Apropos of nothing, I think that the politics of hate, division, and fear that have been normalized by Donald Trump and the wacko right wing in America has in many ways precipitated down to San Francisco and aided and abetted by some self-interested billionaires and the movements they represent that are largely the very powerful landlord and real estate industries.
We have to reject that narrative and embrace San Francisco’s history and future as a diverse, equitable, and affordable city and tell billionaires to get packing.”
It’s too bad we didn’t hear from the other candidates! Mark Farrell was mayor for a whole 169 days and probably has a ton of advice and insight from his lengthy tenure. Mayor Breed also didn’t respond, but she’s probably a bit busy.
Brown
The esteemed Mayor Willie Brown granted BrokeAssStuart.com an interview.

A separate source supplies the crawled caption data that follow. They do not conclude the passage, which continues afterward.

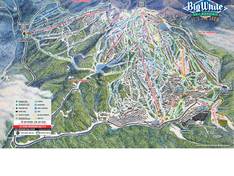 Plan des pistes Big White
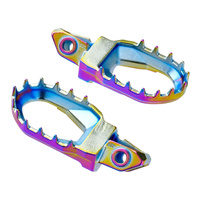 Zeta Max Foot Pegs Oil Slick for Husqvarna FE450 2024-2026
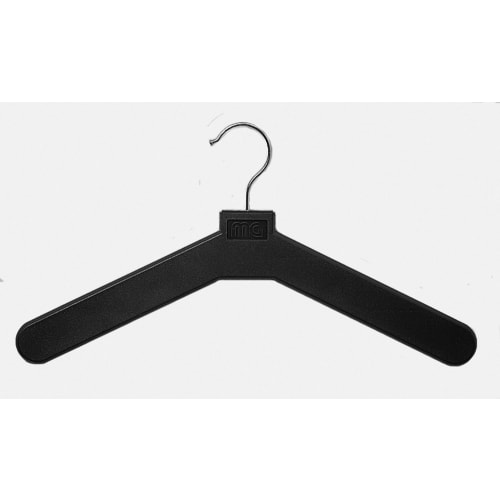 Hangers, Polystyrene Open Hook Wire, Black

Bunny McFadden: What was the most important experience you had on your resume when you entered office as mayor?
Mayor Willie Brown: “I really don’t know. I don’t think I could tell you exactly. When I became the mayor, I’d already been running an operation for the State of California for 14 and a half years. I was already 60 years old, so I was pretty far down the line in terms of life experiences. There’s no particular one that I would say.”

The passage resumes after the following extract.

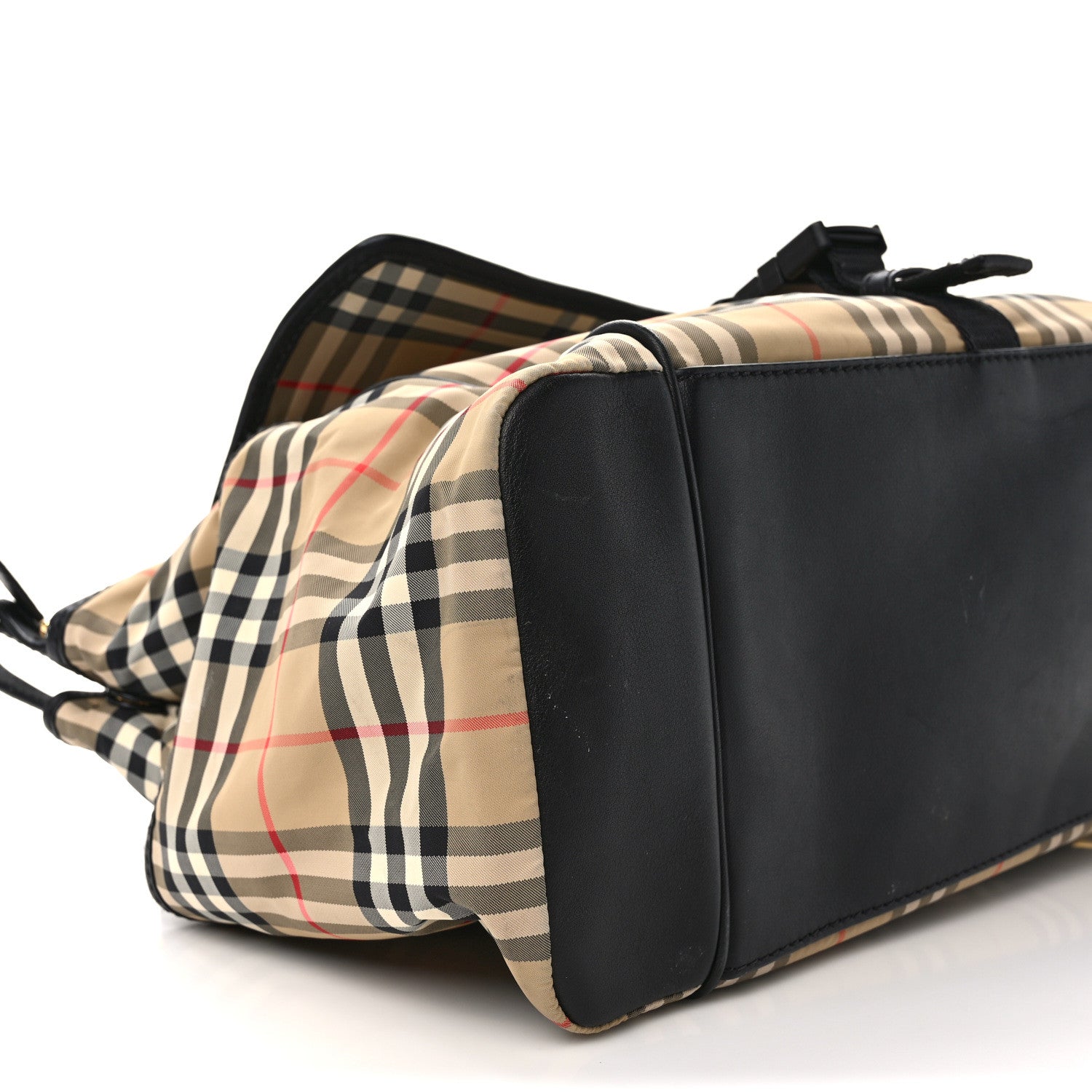 Burberry Nylon Vintage Check Logo Diaper Bag 8 of 14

BM: Anything that wasn’t on your resume that helped?
WB: “I think that the sum total of my education, my experience as a lawyer, my experience in the legislature, and my heading that body for 14.5 years equipped me to do what needs to be done for The City and make the decisions for The City.”
BM: Did any other former mayors give you advice? What was it?

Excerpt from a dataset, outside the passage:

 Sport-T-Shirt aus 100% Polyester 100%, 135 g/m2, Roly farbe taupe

WB: “No, not really. I did not seek any advice from any former mayors. There’s been two or three that supported my candidacy and gave me encouragement to run in the hope that I’d be able to do the job that they expected me to do based on their observations of me in my other capacities, electorally speaking.”
BM: What does a prospective mayor need to know from day one?
WB: “I think anyone who seeks the job of mayor needs to know how to interact with people from all walks of life with all kinds of views. [They] need to have a grasp on how to run a major firm, i.e. The City.”
BM: In your opinion, does someone who hasn’t held a political office stand a chance beyond Election Day in the day-to-day aspects of the job?
WB: “I do believe that people who are trained as I was trained, educationally, at SF State, and then at UC Law School, and then represent[ing] people who had all kinds of claims against each other, businesses, and organizations – the sum total of all of that I think, equipped me to get elected to public office and then to hold public office. But above all else, I was a constant listener. I listened to everything everybody said or recommended. I digested it. And I did what I needed to do if it was helpful in decision-making.”
BM: Any advice for whoever wins this election?
WB: “Above all else, you’ve got to listen. You’ve got to be totally candid with reverence to everybody at every level.”
Agnos
Mayor Art Agnos was a little more blunt in his emailed response:
Bunny McFadden: What was the most important experience you had on your resume when you entered office as mayor? Anything that wasn’t on your resume that helped?
Mayor Art Agnos: Resume: My experience in government as a California State Assemblyperson. Not on resume: 25 years of engagement with SF neighborhoods.
BM: Did any other former mayors give you advice? What was it?
AA: Do not listen to pundits and polls.
BM: What does a prospective mayor need to know from day one?
AA: How to manage and motivate a bureaucracy [built] around a thousand citizen commissions and citizen bodies and 30,000 civil servants in the bureaucracy.
BM: In your opinion, does someone who hasn’t held a political office stand a chance beyond Election Day in the day-to-day aspects of the job?
AA: No, but they will try to fake it until they make it.
On that note, good luck to the top four candidates. May the most prepared person win.